Hand clap editing in Pinnacle Studio v. 15
I align a take this way and save the resulting file. I don't use the same filename again. That way, I still have the original full-length take to re-use.
Note: Pinnacle 12 is an older version. In Pinnacle Studio 16 and up (at least through version 20), you can insert markers in an individual clip if it is open in the app's Effects Editor. Markers in the timeline will stay at the same time in the timeline, not move with clips. You may also fake a marker by trimming or splitting a clip at the hand clap. Setting markers will be different in other editing suites.
You might ask: with timing only to the nearest 1/25 or 1/30 second, will there be an echo? No! The sense of hearing and the frame rate of video are nicely matched. Humans hear an echo only if it is delayed by 1/30 of a second or more, a phenomenon called the “precedence effect” or the “Haas effect”, after the scientist who identified it. Two clips aligned to the nearest frame will be out of sync by no more than ½ frame, 1/50 or 1/60 of a second.
The error may either increase or decrease slowly over time if the camera speeds are very slightly different. Then you might choose the alignment so the error decreases as the take progresses. You choose one camera to be the reference, and drop or add a frame as needed in the other(s). The drift is rarely more than one frame every several minutes. As long as you are using audio from only one camera, this will not cause problems. If you are using audio from two or more cameras, it may -- see the section on speed correction, below, for solutions.
If you are especially picky about timing, then having cameras (not necessarily both of two) running at 50 or 60 frames per second allows you to bring the accuracy of synchronization to 1/100th of a second or less.
Sometimes, synchronization requires conversion of the video format due to peculiarities of the camera, editing software, or both.
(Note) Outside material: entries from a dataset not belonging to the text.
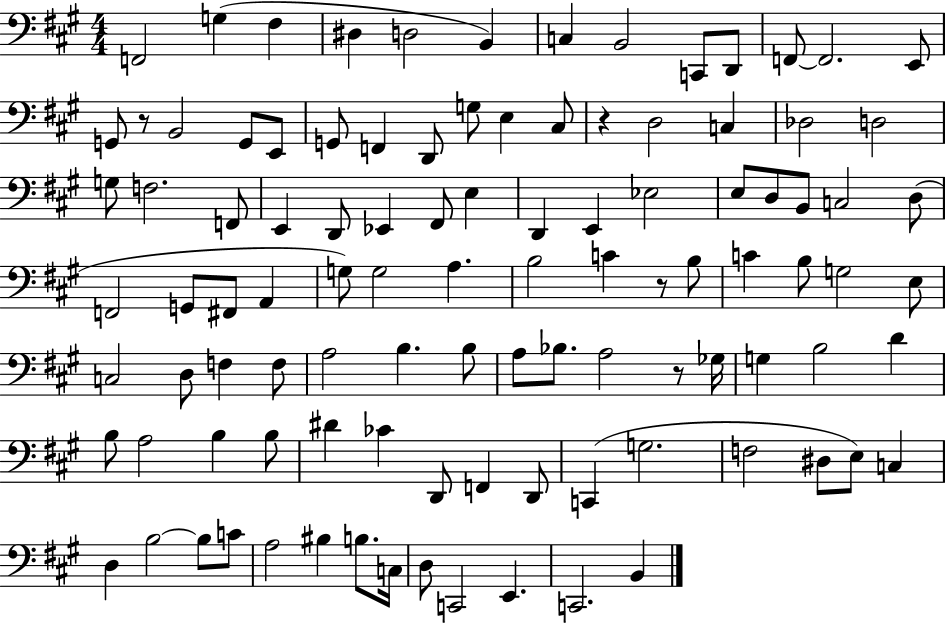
F2/h G3/q F#3/q D#3/q D3/h B2/q C3/q B2/h C2/e D2/e F2/e F2/h. E2/e G2/e R/e B2/h G2/e E2/e G2/e F2/q D2/e G3/e E3/q C#3/e R/q D3/h C3/q Db3/h D3/h G3/e F3/h. F2/e E2/q D2/e Eb2/q F#2/e E3/q D2/q E2/q Eb3/h E3/e D3/e B2/e C3/h D3/e F2/h G2/e F#2/e A2/q G3/e G3/h A3/q. B3/h C4/q R/e B3/e C4/q B3/e G3/h E3/e C3/h D3/e F3/q F3/e A3/h B3/q. B3/e A3/e Bb3/e. A3/h R/e Gb3/s G3/q B3/h D4/q B3/e A3/h B3/q B3/e D#4/q CES4/q D2/e F2/q D2/e C2/q G3/h. F3/h D#3/e E3/e C3/q D3/q B3/h B3/e C4/e A3/h BIS3/q B3/e. C3/s D3/e C2/h E2/q. C2/h. B2/q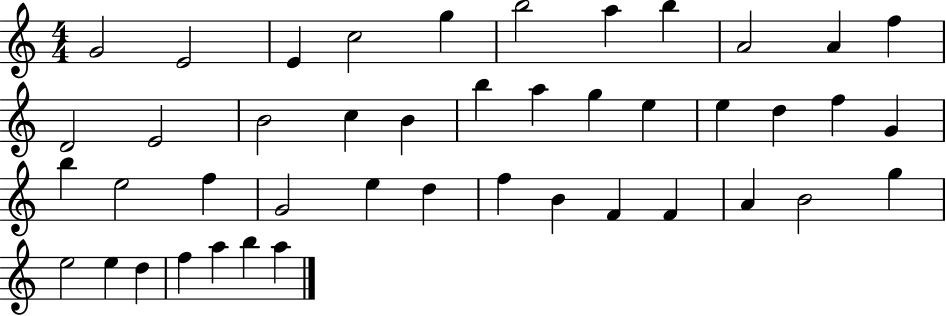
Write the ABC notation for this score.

X:1
T:Untitled
M:4/4
L:1/4
K:C
G2 E2 E c2 g b2 a b A2 A f D2 E2 B2 c B b a g e e d f G b e2 f G2 e d f B F F A B2 g e2 e d f a b a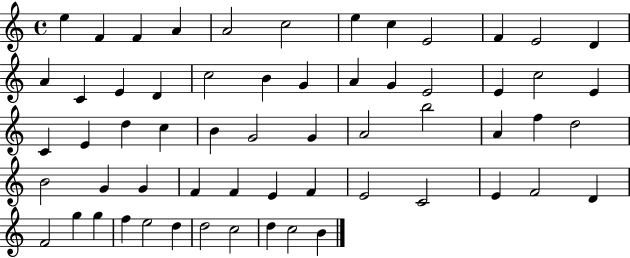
{
  \clef treble
  \time 4/4
  \defaultTimeSignature
  \key c \major
  e''4 f'4 f'4 a'4 | a'2 c''2 | e''4 c''4 e'2 | f'4 e'2 d'4 | \break a'4 c'4 e'4 d'4 | c''2 b'4 g'4 | a'4 g'4 e'2 | e'4 c''2 e'4 | \break c'4 e'4 d''4 c''4 | b'4 g'2 g'4 | a'2 b''2 | a'4 f''4 d''2 | \break b'2 g'4 g'4 | f'4 f'4 e'4 f'4 | e'2 c'2 | e'4 f'2 d'4 | \break f'2 g''4 g''4 | f''4 e''2 d''4 | d''2 c''2 | d''4 c''2 b'4 | \break \bar "|."
}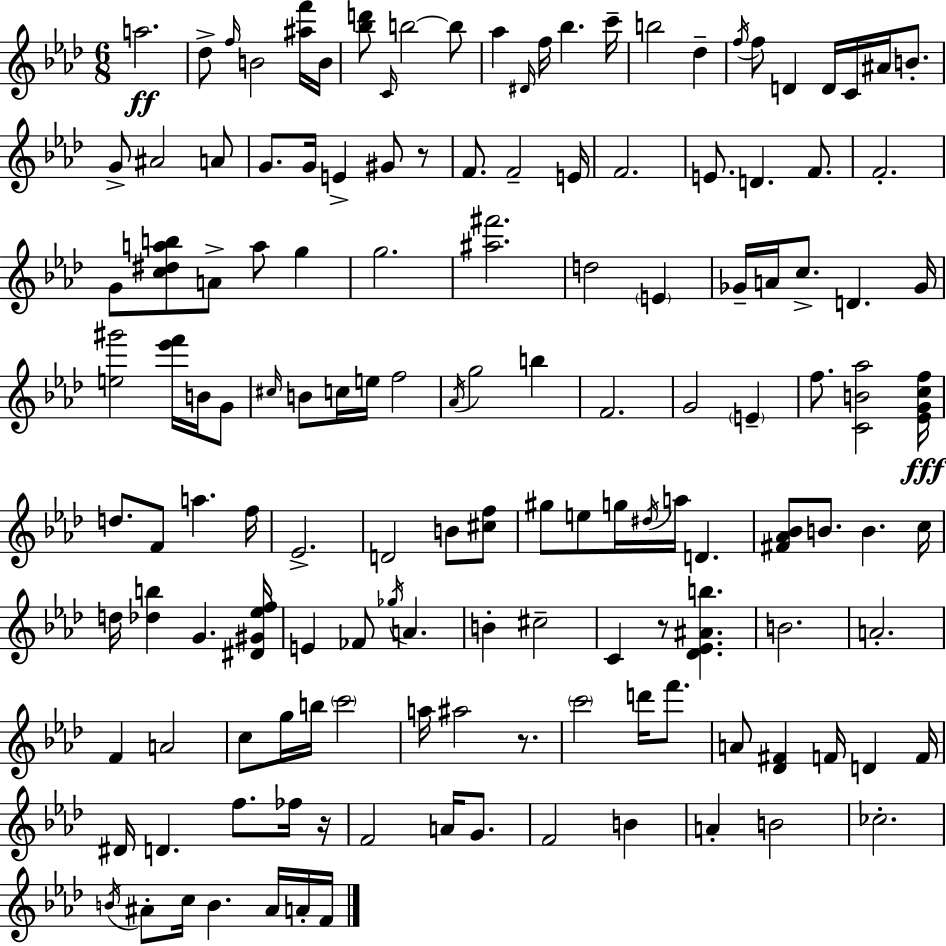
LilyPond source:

{
  \clef treble
  \numericTimeSignature
  \time 6/8
  \key aes \major
  a''2.\ff | des''8-> \grace { f''16 } b'2 <ais'' f'''>16 | b'16 <bes'' d'''>8 \grace { c'16 } b''2~~ | b''8 aes''4 \grace { dis'16 } f''16 bes''4. | \break c'''16-- b''2 des''4-- | \acciaccatura { f''16 } f''8 d'4 d'16 c'16 | ais'16 b'8.-. g'8-> ais'2 | a'8 g'8. g'16 e'4-> | \break gis'8 r8 f'8. f'2-- | e'16 f'2. | e'8. d'4. | f'8. f'2.-. | \break g'8 <c'' dis'' a'' b''>8 a'8-> a''8 | g''4 g''2. | <ais'' fis'''>2. | d''2 | \break \parenthesize e'4 ges'16-- a'16 c''8.-> d'4. | ges'16 <e'' gis'''>2 | <ees''' f'''>16 b'16 g'8 \grace { cis''16 } b'8 c''16 e''16 f''2 | \acciaccatura { aes'16 } g''2 | \break b''4 f'2. | g'2 | \parenthesize e'4-- f''8. <c' b' aes''>2 | <ees' g' c'' f''>16\fff d''8. f'8 a''4. | \break f''16 ees'2.-> | d'2 | b'8 <cis'' f''>8 gis''8 e''8 g''16 \acciaccatura { dis''16 } | a''16 d'4. <fis' aes' bes'>8 b'8. | \break b'4. c''16 d''16 <des'' b''>4 | g'4. <dis' gis' ees'' f''>16 e'4 fes'8 | \acciaccatura { ges''16 } a'4. b'4-. | cis''2-- c'4 | \break r8 <des' ees' ais' b''>4. b'2. | a'2.-. | f'4 | a'2 c''8 g''16 b''16 | \break \parenthesize c'''2 a''16 ais''2 | r8. \parenthesize c'''2 | d'''16 f'''8. a'8 <des' fis'>4 | f'16 d'4 f'16 dis'16 d'4. | \break f''8. fes''16 r16 f'2 | a'16 g'8. f'2 | b'4 a'4-. | b'2 ces''2.-. | \break \acciaccatura { b'16 } ais'8-. c''16 | b'4. ais'16 a'16-. f'16 \bar "|."
}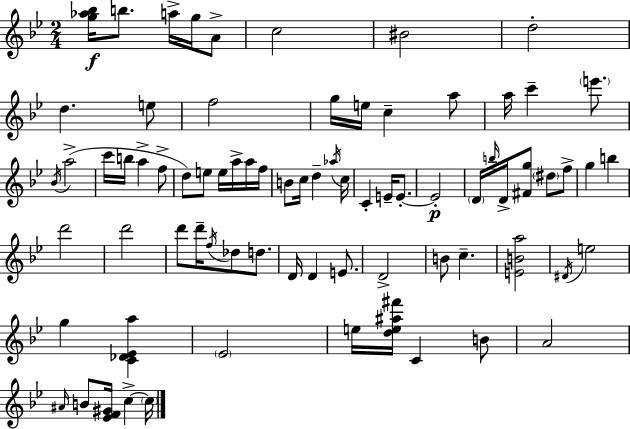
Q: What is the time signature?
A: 2/4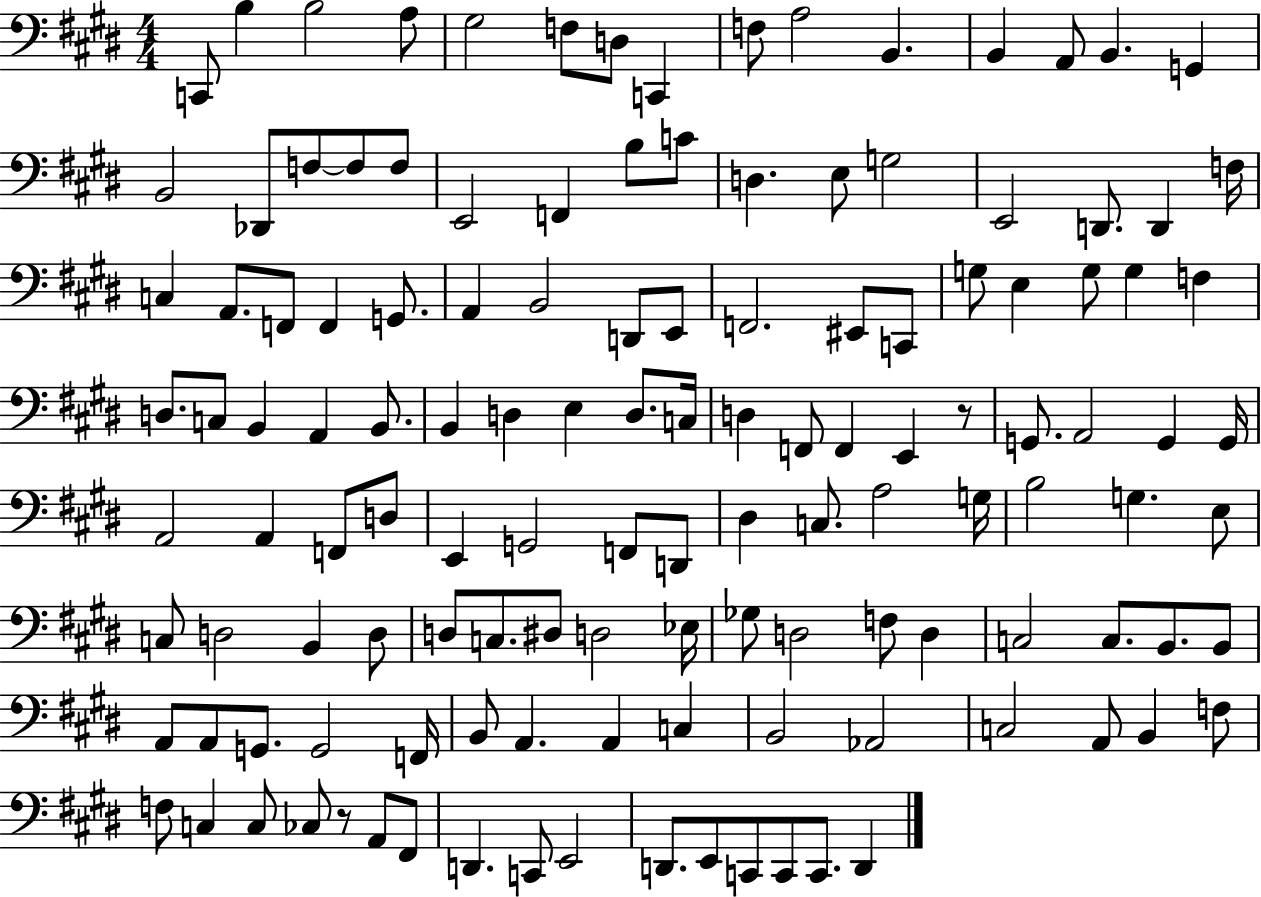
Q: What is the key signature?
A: E major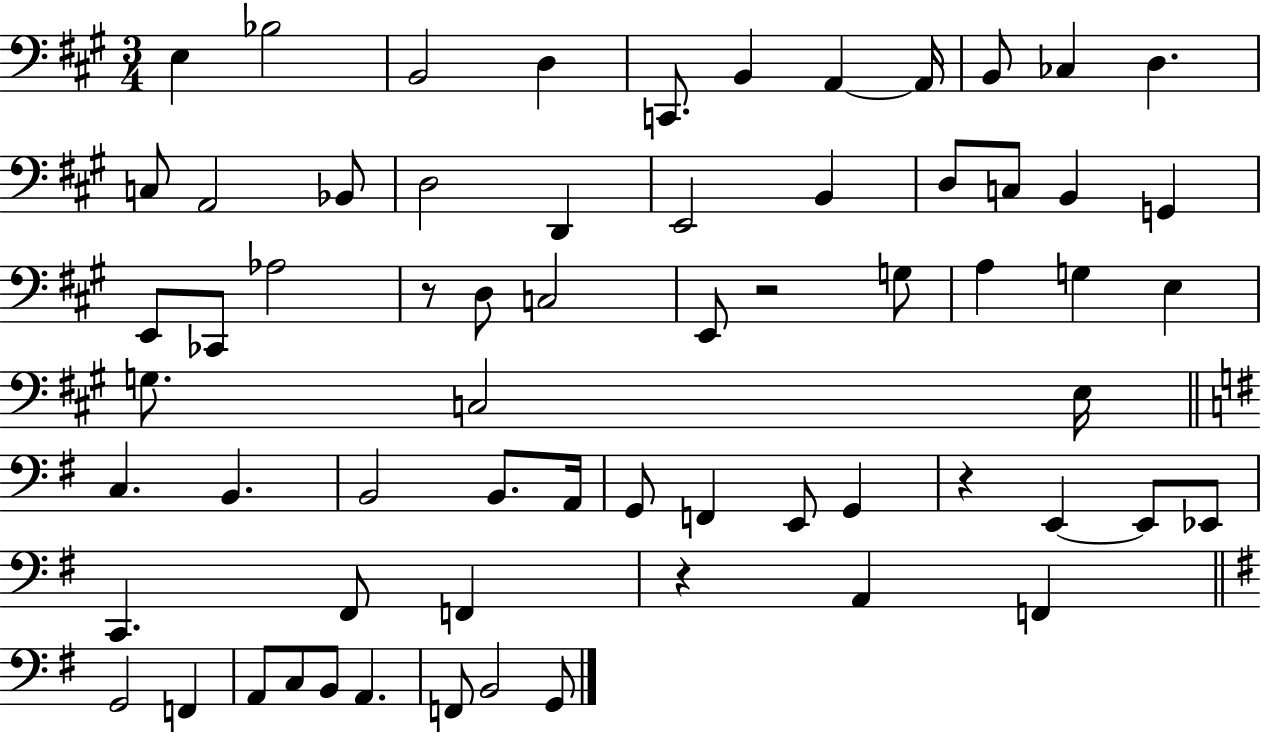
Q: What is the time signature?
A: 3/4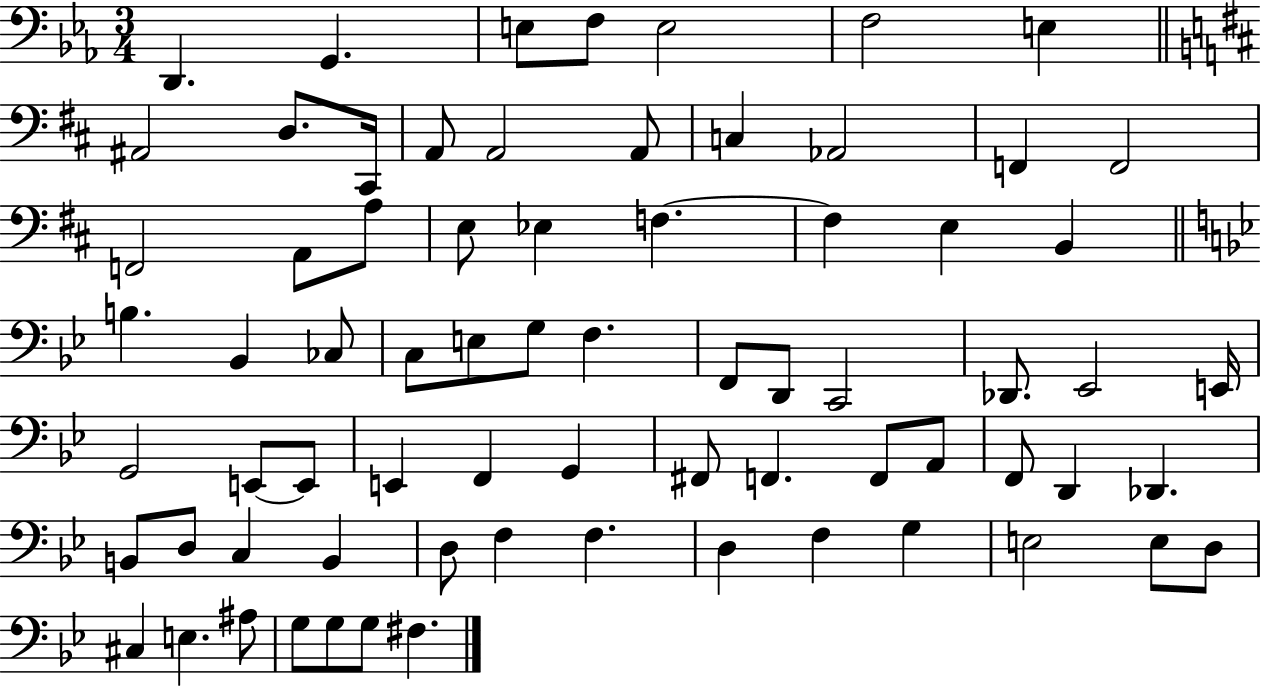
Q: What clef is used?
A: bass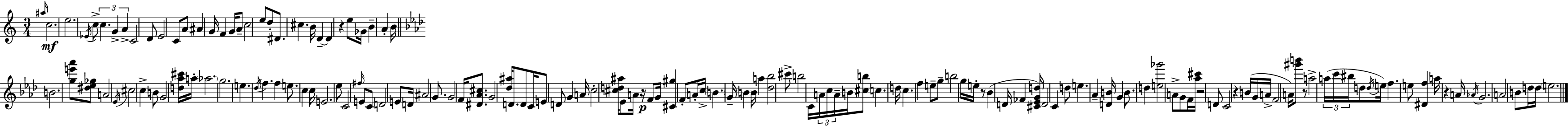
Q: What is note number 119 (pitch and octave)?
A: A4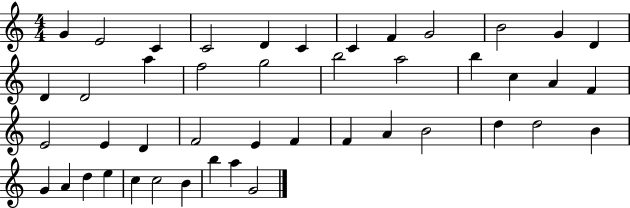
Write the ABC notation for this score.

X:1
T:Untitled
M:4/4
L:1/4
K:C
G E2 C C2 D C C F G2 B2 G D D D2 a f2 g2 b2 a2 b c A F E2 E D F2 E F F A B2 d d2 B G A d e c c2 B b a G2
The Aiptek digital video recorder with my (early) helmetcamera.com camera recorded at the standard 29.97 frames per second, but Pinnacle Studio reported it as 25. Similarly, in Pinnacle Studio, an Insight POV HD helmet camera reported speeds slightly different from the 29.97 at which it recorded. Clips from these cameras did not stay in sync with others. Converting the files into another format solved the problem, so clips stayed in sync. I use AVS4YOU (commercial) and Handbrake (free) software to convert formats.
Using video with different frame rates leads to additional problems, and especially, jerky motion. Motion interpolation software addresses this problem; I have used Gooder Video MotionPerfect . Convert frame rates before synchronizing clips with one another.
If you are using the audio from only one camera, but another camera is running a tiny bit faster or slower, adding or dropping frames, as already described, works fine. Add or drop the frame where it won't be noticed in either the audio or the video..
Even if you are using a separate recorder only for audio, you should if possible have a video camera also recording audio, to provide a reference audio track for timing. If the speed difference between recorders is large enough that audio from the separate recorder goes noticeably out of sync with the reference, you need to realign it. If not combining it with other audio recorded at the same time and place, you don't need super-accurate alignment: counting video frames is good enough. It is easy to adjust the speed of an audio recording, rather than to edit it in one place after another to keep it in sync.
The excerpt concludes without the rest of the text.